Some days I weep for mankind, and today is one of those days. And no, not because Disney announced that they’re remaking The Lion King with director Jon FavreauThat was inevitable, and after Jon Favreau’s mostly impressive (and arguably even superior) version of The Jungle Book earlier this year, I think we should all be willing to give them the benefit of the doubt for a while.

No, today I weep for mankind because multiple, reputable outlets (a small sample: here, here and here) are referring to the remake of The Lion King as “live-action,” implying that either those very simple words have lost all meaning, or that people have simply forgotten what they meant. A “live-action” film version of The Lion King would be a wildly irresponsible, extremely dangerous production.

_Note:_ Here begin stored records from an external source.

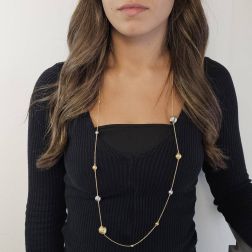 Photo of worn Laccio Necklace 96 cm with Diamond Spheres in Yellow and White Gold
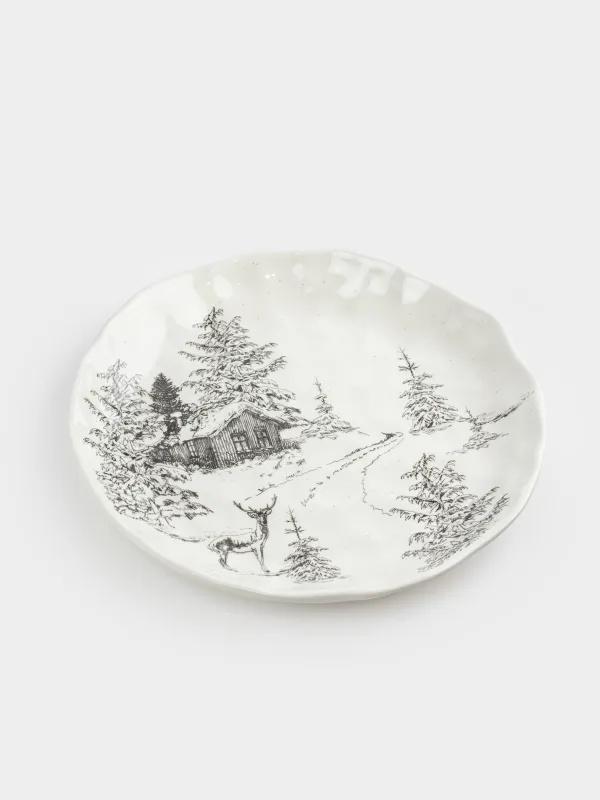Тарелка обеденная, 28 см, керамика, белая, Олень у дома в лесу, Crumple print, image-1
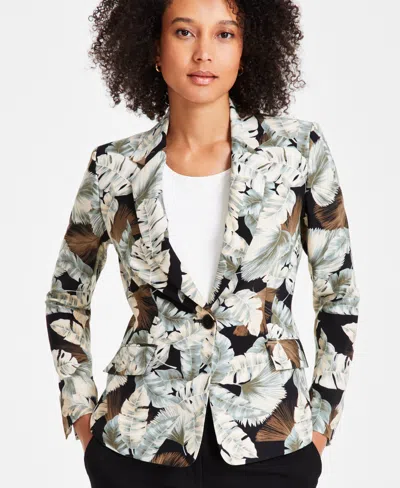 Kasper Women's Leaf-print One-button Blazer In Black,sea Glass Multi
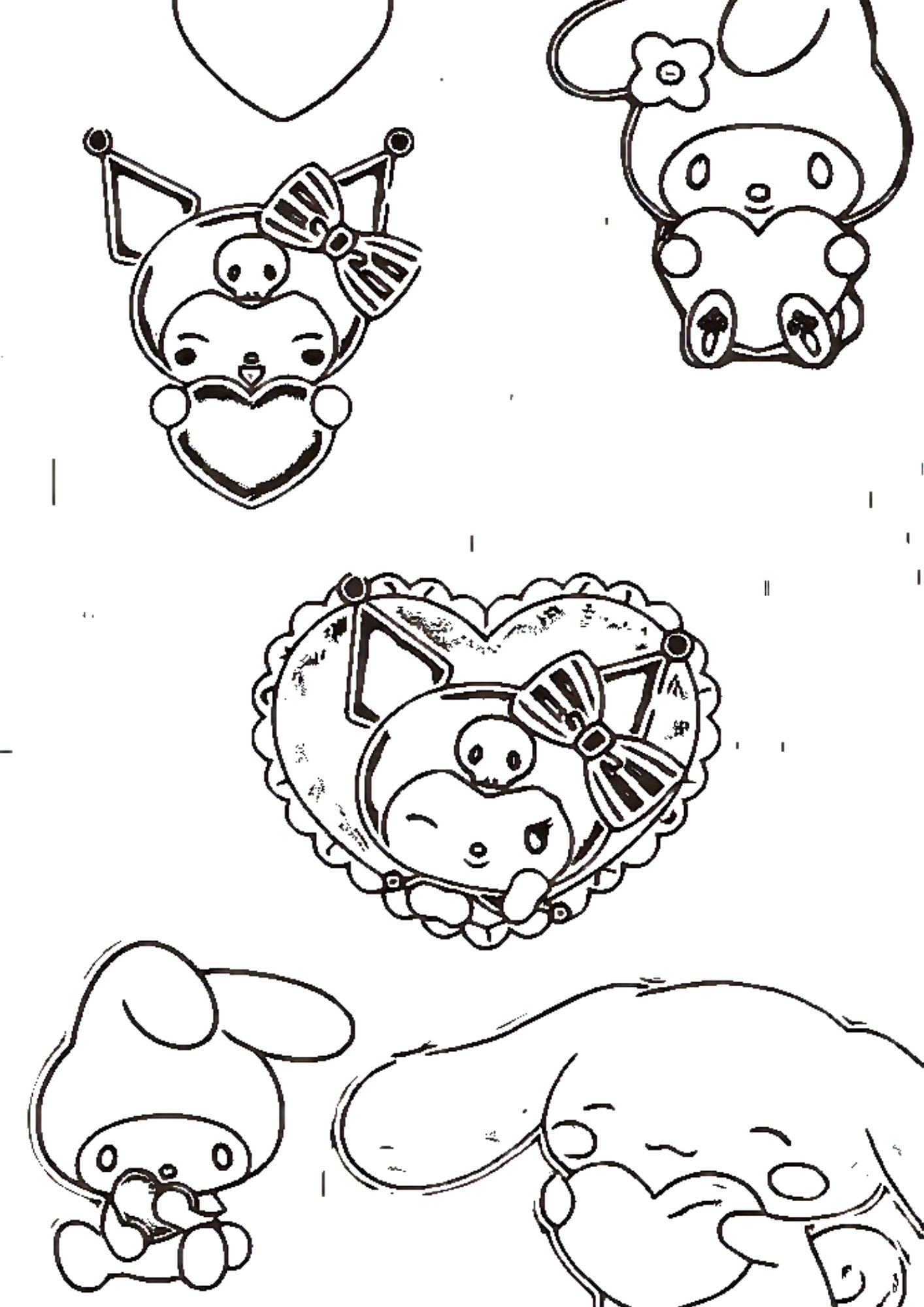 Tranh Tô Màu Kuromi Melody Cinnamoroll Cho Bé 3-5 Tuổi ảnh 6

Recreating an enormous stampede that results in the death of a majestic lion would be a ludicrously expensive, complicated, and morally disgusting idea, even if you fake the actual “death” part.

Also: Jon Favreau Calls Out the Lion King References in His Jungle Book Remake (Exclusive Video)

“Live-action” is an expression that has a definition, and it’s not “photorealistic computer-generated imagery.” If a film is live-action it means that the action has been recorded live, in front of a camera. I suppose you could argue that puppet-based films like The Dark Crystal and Tim Burton’s The Nightmare Before Christmas occupy a grey area, but I’m pretty sure Disney isn’t not planning to go old school on a Lion King remake with the director who just created a CG-animated proof of concept with The Jungle Book.

To be clear, Disney themselves are only referring to Jon Favreau’s upcoming remake of The Lion King as a “reimagining,” which is industry code for a remake with marketable differences from the original, in style and/or content. But of course, I can see where some of the general confusion comes from. Jon Favreau’s remake of The Jungle Book has been called “live-action” with at least some validity, since the film’s protagonist was a human actor, even though every other element was animated. But The Lion King has no human characters, making it patently unnecessary to combine live-action and CGI elements. (I suppose it’s possible that Jon Favreau could try, but at the moment we have no reason to suspect the production would go to all that trouble.)

So get mad if you absolutely must at the remake of The Lion King. Or be a rational adult about this and reserve your judgment until you actually see the danged thing. But don’t call it “live-action” unless Disney plans to use real animals on set, and don’t be surprised if that never happens.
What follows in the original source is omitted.